CBSE Class 10 Maths Notes: Introduction to Trigonometry

  Trigonometric Ratios: Definitions

Trigonometry is the study of the relationships between the sides and angles of triangles. In this chapter, we’ll focus on right-angled triangles. Let’s define the core trigonometric ratios for an acute angle (an angle less than 90 degrees) within a right triangle. Consider a right triangle ABC, right-angled at B. For an acute angle, let’s say angle $A$ (denoted by $\theta$):

• Sine (sin): $\sin(\theta) = \frac{\text{Opposite}}{\text{Hypotenuse}} = \frac{BC}{AC}$
• Cosine (cos): $\cos(\theta) = \frac{\text{Adjacent}}{\text{Hypotenuse}} = \frac{AB}{AC}$
• Tangent (tan): $\tan(\theta) = \frac{\text{Opposite}}{\text{Adjacent}} = \frac{BC}{AB}$
• Cosecant (csc or cosec): $\csc(\theta) = \frac{1}{\sin(\theta)} = \frac{\text{Hypotenuse}}{\text{Opposite}} = \frac{AC}{BC}$
• Secant (sec): $\sec(\theta) = \frac{1}{\cos(\theta)} = \frac{\text{Hypotenuse}}{\text{Adjacent}} = \frac{AC}{AB}$
• Cotangent (cot): $\cot(\theta) = \frac{1}{\tan(\theta)} = \frac{\text{Adjacent}}{\text{Opposite}} = \frac{AB}{BC}$

  Well-Definedness of Trigonometric Ratios

The key point is: these ratios are well-defined. This means the ratios (sin, cos, tan, etc.) depend only on the angle $\theta$ and not on the size of the right triangle.

Why?

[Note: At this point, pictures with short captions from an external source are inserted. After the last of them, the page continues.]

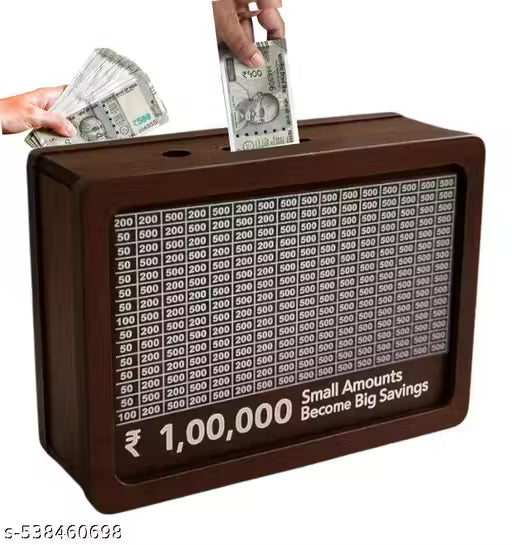 Wooden Piggy Bank for Kids – 1 Lakh Savings Challenge Box | Coin & Cash Vault | Decorative Carved Money Saver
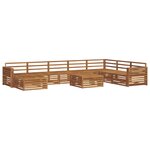 vidaXL Ensemble de canapés d'extérieur 9 Pièces Naturel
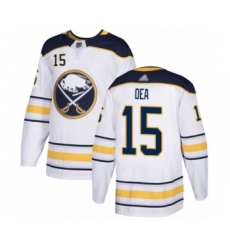 Men's Buffalo Sabres #15 Jean-Sebastien Dea Authentic White Away Hockey Jersey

Consider two similar right-angled triangles with the same acute angle $\theta$. Since the triangles are similar, their corresponding sides are proportional. If we double the sides of the triangle, both the adjacent, opposite, and hypotenuse lengths double, but the ratio (e.g., $\frac{\text{Opposite}}{\text{Hypotenuse}}$) remains unchanged. This is because the ratios only depend on the angle. This is based on the idea of similar triangles, and the proportionality of their sides.

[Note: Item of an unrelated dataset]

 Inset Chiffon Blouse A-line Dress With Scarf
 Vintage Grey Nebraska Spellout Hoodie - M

  Trigonometric Ratios for Standard Angles

It is essential to memorize the values of trigonometric ratios for the following standard angles: $0^\circ, 30^\circ, 45^\circ, 60^\circ,$ and $90^\circ$. While you can derive these values (e.g., using an equilateral triangle for $60^\circ$ and a square for $45^\circ$), memorization is highly recommended.

Here’s a table for 30°, 45°, and 60° (values for 0° and 90° are also important):

Angle ($\theta$)	sin($\theta$)	cos($\theta$)	tan($\theta$)	csc($\theta$)	sec($\theta$)	cot($\theta$)
30°	$\frac{1}{2}$	$\frac{\sqrt{3}}{2}$	$\frac{1}{\sqrt{3}}$	2	$\frac{2}{\sqrt{3}}$	$\sqrt{3}$
45°	$\frac{1}{\sqrt{2}}$	$\frac{1}{\sqrt{2}}$	1	$\sqrt{2}$	$\sqrt{2}$	1
60°	$\frac{\sqrt{3}}{2}$	$\frac{1}{2}$	$\sqrt{3}$	$\frac{2}{\sqrt{3}}$	2	$\frac{1}{\sqrt{3}}$

  Basic Trigonometric Relationships

These relationships are crucial for simplifying expressions and solving equations.

• Reciprocal Relations:
  • $\csc(\theta) = \frac{1}{\sin(\theta)}$
  • $\sec(\theta) = \frac{1}{\cos(\theta)}$
  • $\cot(\theta) = \frac{1}{\tan(\theta)}$
• Quotient Relations:
  • $\tan(\theta) = \frac{\sin(\theta)}{\cos(\theta)}$
  • $\cot(\theta) = \frac{\cos(\theta)}{\sin(\theta)}$

  The Fundamental Trigonometric Identity

This is the most important identity in trigonometry.

Identity: $\sin^2(A) + \cos^2(A) = 1$

Proof: Consider a right-angled triangle ABC, right-angled at B. Let $\theta = A$.

• By definition, $\sin(A) = \frac{BC}{AC}$ and $\cos(A) = \frac{AB}{AC}$.
• Therefore, $\sin^2(A) = \frac{BC^2}{AC^2}$ and $\cos^2(A) = \frac{AB^2}{AC^2}$.
• Adding these: $\sin^2(A) + \cos^2(A) = \frac{BC^2}{AC^2} + \frac{AB^2}{AC^2} = \frac{BC^2 + AB^2}{AC^2}$.
• By the Pythagorean theorem, in a right-angled triangle: $AB^2 + BC^2 = AC^2$
• So, $\sin^2(A) + \cos^2(A) = \frac{AC^2}{AC^2} = 1$.

  Derived Identities and Manipulations

The fundamental identity can be rearranged to derive other useful identities and to simplify expressions:

• $\sin^2(A) = 1 – \cos^2(A) \implies \sin(A) = \pm\sqrt{1 – \cos^2(A)}$
• $\cos^2(A) = 1 – \sin^2(A) \implies \cos(A) = \pm\sqrt{1 – \sin^2(A)}$

Example: If $\sin(\theta) = \frac{3}{5}$, find $\cos(\theta)$.

Using the identity: $\cos^2(\theta) = 1 – \sin^2(\theta) = 1 – (\frac{3}{5})^2 = 1 – \frac{9}{25} = \frac{16}{25}$. Therefore, $\cos(\theta) = \pm\sqrt{\frac{16}{25}} = \pm\frac{4}{5}$. The sign will depend on the quadrant in which the angle $\theta$ lies. For acute angles, we typically consider the positive value, $\frac{4}{5}$.